Wegen dem Vorwurf des unerlaubten Waffenbesitzes musste sich ein Mann jetzt vor Gericht verantworten. Dem 60-jährigen St. Georgener wurde vorgeworfen, zwei Langwaffen, die er bei einer Nachlassregelung entdeckte, nicht umgehend der zuständigen Behörde gemeldet zu haben. Gegen einen auferlegten Bußgeldbescheid legte der Mann Widerspruch ein, weswegen es vor dem Villinger Amtsgericht nun zur Verhandlung kam.

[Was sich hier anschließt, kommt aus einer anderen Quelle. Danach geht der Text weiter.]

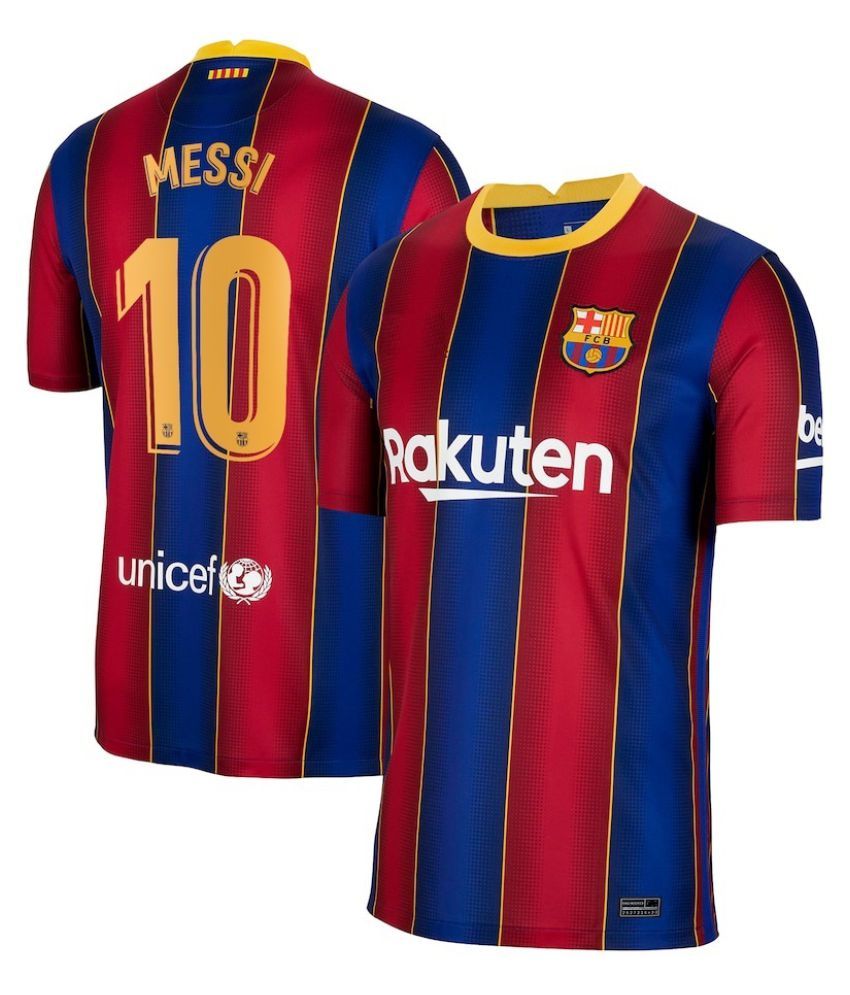 lionel messi jersey and shorts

Keine Registrierung für zwei Waffen

Als der Mann bei einer Nachlassregelung seines verstorbenen Schwiegervaters, der über viele Jahre als Waffenhändler registriert war, und der auch selbst legal mehrere Kurz- und Langwaffen besaß, etwa ein Dutzend Gewehre und Pistolen entdeckte, informierte er umgehend die Waffenbehörde des Landratsamtes. Ein Mitarbeiter der Behörde sah sich die Sache an. Da diese Waffen ordnungsgemäß registriert waren, stand dem Verkauf der Waffen an berechtigte Personen, unter anderem Jäger, nichts im Weg. Bei weiteren Aufräumarbeiten entdeckte der Mann zwei weitere Waffen sowie ein Waffenhandelsbuch. Zwar habe es für diese beiden Langwaffen keine Registrierkarte gegeben, da diese beiden Waffen jedoch in dem Waffenhandelsbuch eingetragen und die Eintragung behördlich abgestempelt gewesen sei, ging der Mann davon aus, dass auch diese Waffen ordnungsgemäß registriert seien.

Verkauf nicht erlaubt

Er informierte wiederum die Waffenbehörde des Landratsamtes und veräußerte die Waffen anschließend sofort. Genau dieser Umstand gefiel den Mitarbeitern der Behörde gar nicht. Wie sich laut Mitarbeiter des Landratsamtes, der als Zeuge aussagte, „nach umfangreichen Recherchen“ herausstellte, seien die beiden Waffen in keinem amtlichen Register registriert gewesen. Möglicherweise sind die Unterlagen zu genau diesen beiden Waffen beim Umzug der Waffenbehörde, die früher in St. Georgen war, verloren gegangen. Somit habe der Mann nicht die Befugnis gehabt, diese Waffen zu verkaufen. Auch habe er den Besitz der Waffen nach Auffassung des Mitarbeiters des Landratsamtes zu spät angezeigt. Bevor der Beschuldigte den Verkauf bei der Waffenbehörde meldete, meldete sich der Käufer, um den Kauf der Waffen anzumelden.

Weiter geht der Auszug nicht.